Sur les prairies, en complément du fumier, et les protéagineux, il épand un activateur de sol. « Depuis que je l’utilise, j’arrive à mieux conserver les légumineuses. » Il a supprimé le fongicide sur les céréales mais fait des deux traitements avec de la vitamine C et des extraits de plantes (début avril et début mai). Hormis pour la fenaison et le semis, tout le matériel est en Cuma autour de laquelle existe une dynamique collective locale forte (banque de travail, groupement d’employeur).

Méthaniser les effluents

Bernard Ducros porte avec 40 éleveurs de son secteur un projet de méthanisation des effluents d’élevage avec injection directe du gaz. Il pourrait traiter jusqu’à 36 000 tonnes par an, uniquement des effluents agricoles. « L’objectif est de valoriser nos effluents afin d’économiser des charges d’engrais et de réduire la charge de travail sur nos exploitations. Avec nos fumiers, nous perdons la majeure partie de l’azote qui, sous forme minérale, nous coûte de plus en plus cher. »

Un bilan Cap’2ER réalisé en 2018 par la chambre d’agriculture du Tarn montrait une perte potentielle d’azote de l’ordre de 10 tonnes par an alors que l’exploitation en achetait 6 tonnes. L’unité de méthanisation ramènerait le digestat rendu racine. Ce qui permettrait aussi d’économiser des charges de mécanisation.

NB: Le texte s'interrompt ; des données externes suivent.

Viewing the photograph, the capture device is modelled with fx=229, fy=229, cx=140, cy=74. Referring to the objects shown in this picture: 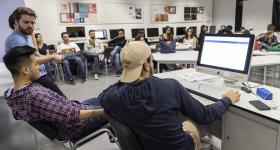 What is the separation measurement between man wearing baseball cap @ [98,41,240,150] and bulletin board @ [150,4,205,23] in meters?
7.34

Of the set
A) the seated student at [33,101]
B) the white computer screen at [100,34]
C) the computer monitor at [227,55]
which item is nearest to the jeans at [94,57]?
the white computer screen at [100,34]

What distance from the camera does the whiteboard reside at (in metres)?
7.18

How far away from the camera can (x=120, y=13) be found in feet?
24.6

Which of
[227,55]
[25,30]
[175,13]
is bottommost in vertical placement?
[227,55]

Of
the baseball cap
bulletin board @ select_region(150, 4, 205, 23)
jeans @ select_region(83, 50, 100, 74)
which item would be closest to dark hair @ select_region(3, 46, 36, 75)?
the baseball cap

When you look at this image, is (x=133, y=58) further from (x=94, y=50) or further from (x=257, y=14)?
(x=257, y=14)

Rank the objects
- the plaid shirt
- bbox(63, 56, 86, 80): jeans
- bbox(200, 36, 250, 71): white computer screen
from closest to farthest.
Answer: the plaid shirt, bbox(200, 36, 250, 71): white computer screen, bbox(63, 56, 86, 80): jeans

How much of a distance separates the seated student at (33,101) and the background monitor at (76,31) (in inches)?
207

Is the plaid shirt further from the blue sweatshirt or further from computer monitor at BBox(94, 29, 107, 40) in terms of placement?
computer monitor at BBox(94, 29, 107, 40)

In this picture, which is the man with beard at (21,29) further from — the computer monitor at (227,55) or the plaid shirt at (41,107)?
the computer monitor at (227,55)

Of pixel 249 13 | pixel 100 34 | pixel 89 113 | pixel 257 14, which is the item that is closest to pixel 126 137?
pixel 89 113

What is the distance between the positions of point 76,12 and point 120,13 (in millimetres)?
1464

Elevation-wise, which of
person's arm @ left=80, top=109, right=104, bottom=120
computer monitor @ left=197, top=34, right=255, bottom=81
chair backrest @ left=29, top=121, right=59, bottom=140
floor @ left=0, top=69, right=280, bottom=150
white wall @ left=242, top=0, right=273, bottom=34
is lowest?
floor @ left=0, top=69, right=280, bottom=150

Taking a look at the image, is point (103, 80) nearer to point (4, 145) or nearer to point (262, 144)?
point (4, 145) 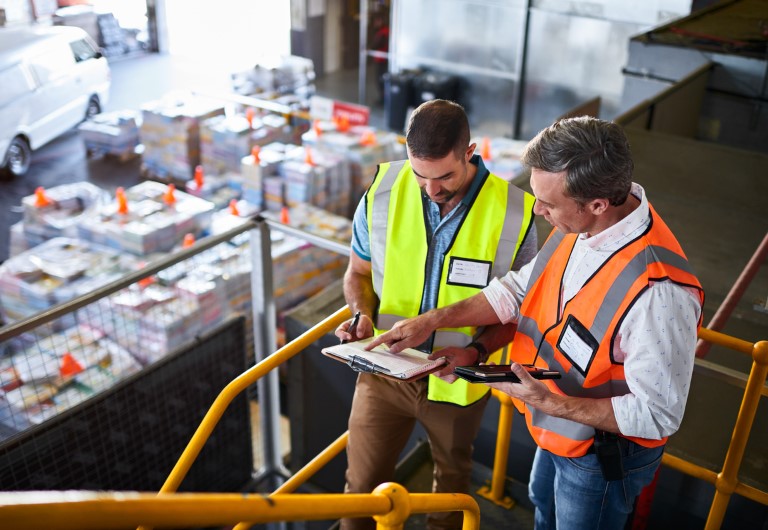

« Nous ne cherchons pas à faire du business. L’objectif est que la vente de gaz paie les charges d’investissement et de fonctionnement de l’unité et la gestion du digestat », ajoute l’éleveur. Le choix du terrain va être fait au cours du printemps avec la communauté de communes de Carmaux (Tarn). La mise en service est espérée pour fin 2022 ou début 2023.